___ AVAILABLE RECORDS

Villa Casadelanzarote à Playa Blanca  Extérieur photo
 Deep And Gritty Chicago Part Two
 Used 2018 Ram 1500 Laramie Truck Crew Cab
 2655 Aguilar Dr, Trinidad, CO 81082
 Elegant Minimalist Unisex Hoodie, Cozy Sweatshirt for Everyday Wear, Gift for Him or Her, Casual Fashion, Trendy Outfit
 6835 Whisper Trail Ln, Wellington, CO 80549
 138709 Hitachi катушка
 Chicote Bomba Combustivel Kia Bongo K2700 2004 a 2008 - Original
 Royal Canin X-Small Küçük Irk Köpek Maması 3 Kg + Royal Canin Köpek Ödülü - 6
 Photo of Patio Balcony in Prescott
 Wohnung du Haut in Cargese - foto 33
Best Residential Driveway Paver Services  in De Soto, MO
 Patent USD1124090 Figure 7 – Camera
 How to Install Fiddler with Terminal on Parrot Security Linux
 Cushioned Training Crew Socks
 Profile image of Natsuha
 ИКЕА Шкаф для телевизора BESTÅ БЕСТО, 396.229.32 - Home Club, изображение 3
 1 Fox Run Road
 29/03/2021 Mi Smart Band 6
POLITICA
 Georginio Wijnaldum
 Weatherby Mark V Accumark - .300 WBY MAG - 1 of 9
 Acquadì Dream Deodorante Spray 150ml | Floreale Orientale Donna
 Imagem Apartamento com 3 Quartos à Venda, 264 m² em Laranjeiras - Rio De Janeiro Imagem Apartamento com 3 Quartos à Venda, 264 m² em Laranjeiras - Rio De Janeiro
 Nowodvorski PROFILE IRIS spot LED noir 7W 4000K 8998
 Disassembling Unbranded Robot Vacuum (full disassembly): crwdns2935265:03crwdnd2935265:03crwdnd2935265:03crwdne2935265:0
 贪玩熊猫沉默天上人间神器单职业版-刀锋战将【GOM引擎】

______

**AIM OF THE TASK**
All of the data above should be reproduced verbatim.

**ANSWER BOX**
Villa Casadelanzarote à Playa Blanca  Extérieur photo
 Deep And Gritty Chicago Part Two
 Used 2018 Ram 1500 Laramie Truck Crew Cab
 2655 Aguilar Dr, Trinidad, CO 81082
 Elegant Minimalist Unisex Hoodie, Cozy Sweatshirt for Everyday Wear, Gift for Him or Her, Casual Fashion, Trendy Outfit
 6835 Whisper Trail Ln, Wellington, CO 80549
 138709 Hitachi катушка
 Chicote Bomba Combustivel Kia Bongo K2700 2004 a 2008 - Original
 Royal Canin X-Small Küçük Irk Köpek Maması 3 Kg + Royal Canin Köpek Ödülü - 6
 Photo of Patio Balcony in Prescott
 Wohnung du Haut in Cargese - foto 33
Best Residential Driveway Paver Services  in De Soto, MO
 Patent USD1124090 Figure 7 – Camera
 How to Install Fiddler with Terminal on Parrot Security Linux
 Cushioned Training Crew Socks
 Profile image of Natsuha
 ИКЕА Шкаф для телевизора BESTÅ БЕСТО, 396.229.32 - Home Club, изображение 3
 1 Fox Run Road
 29/03/2021 Mi Smart Band 6
POLITICA
 Georginio Wijnaldum
 Weatherby Mark V Accumark - .300 WBY MAG - 1 of 9
 Acquadì Dream Deodorante Spray 150ml | Floreale Orientale Donna
 Imagem Apartamento com 3 Quartos à Venda, 264 m² em Laranjeiras - Rio De Janeiro Imagem Apartamento com 3 Quartos à Venda, 264 m² em Laranjeiras - Rio De Janeiro
 Nowodvorski PROFILE IRIS spot LED noir 7W 4000K 8998
 Disassembling Unbranded Robot Vacuum (full disassembly): crwdns2935265:03crwdnd2935265:03crwdnd2935265:03crwdne2935265:0
 贪玩熊猫沉默天上人间神器单职业版-刀锋战将【GOM引擎】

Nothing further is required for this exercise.